Do not include the pictures; repeat the rest of the data exactly.

PROVIDED DATA ->
· · · · · · ·
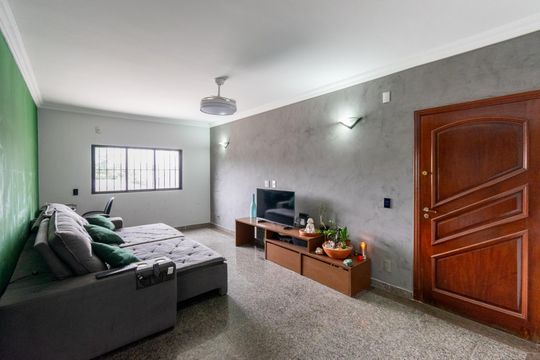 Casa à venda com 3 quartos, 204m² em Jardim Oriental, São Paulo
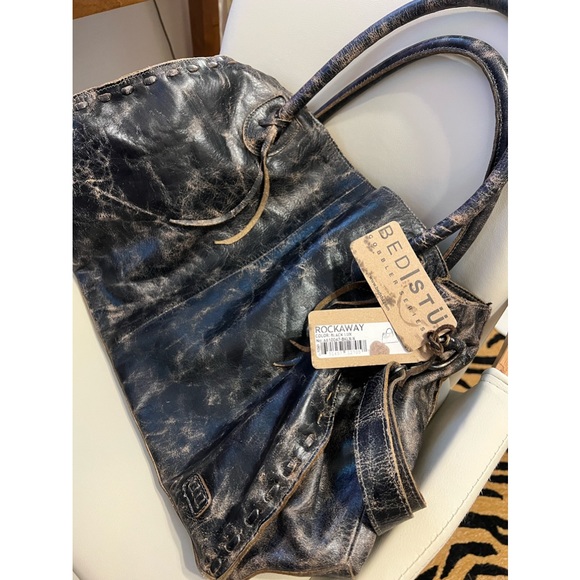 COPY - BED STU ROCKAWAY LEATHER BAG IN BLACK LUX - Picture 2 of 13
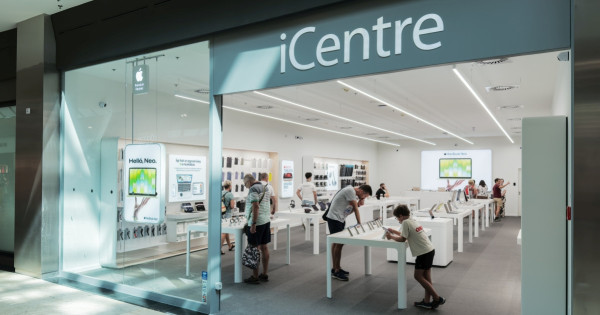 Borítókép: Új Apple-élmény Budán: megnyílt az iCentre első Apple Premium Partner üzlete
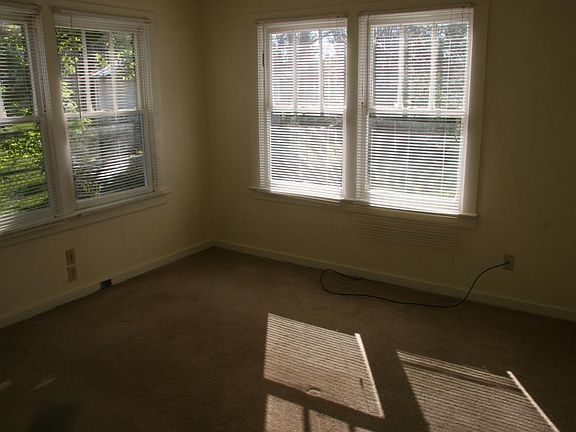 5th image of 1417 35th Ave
· · · · · · ·
SOLUTION BELOW ->
 Casa à venda com 3 quartos, 204m² em Jardim Oriental, São Paulo
 COPY - BED STU ROCKAWAY LEATHER BAG IN BLACK LUX - Picture 2 of 13
 Borítókép: Új Apple-élmény Budán: megnyílt az iCentre első Apple Premium Partner üzlete
 5th image of 1417 35th Ave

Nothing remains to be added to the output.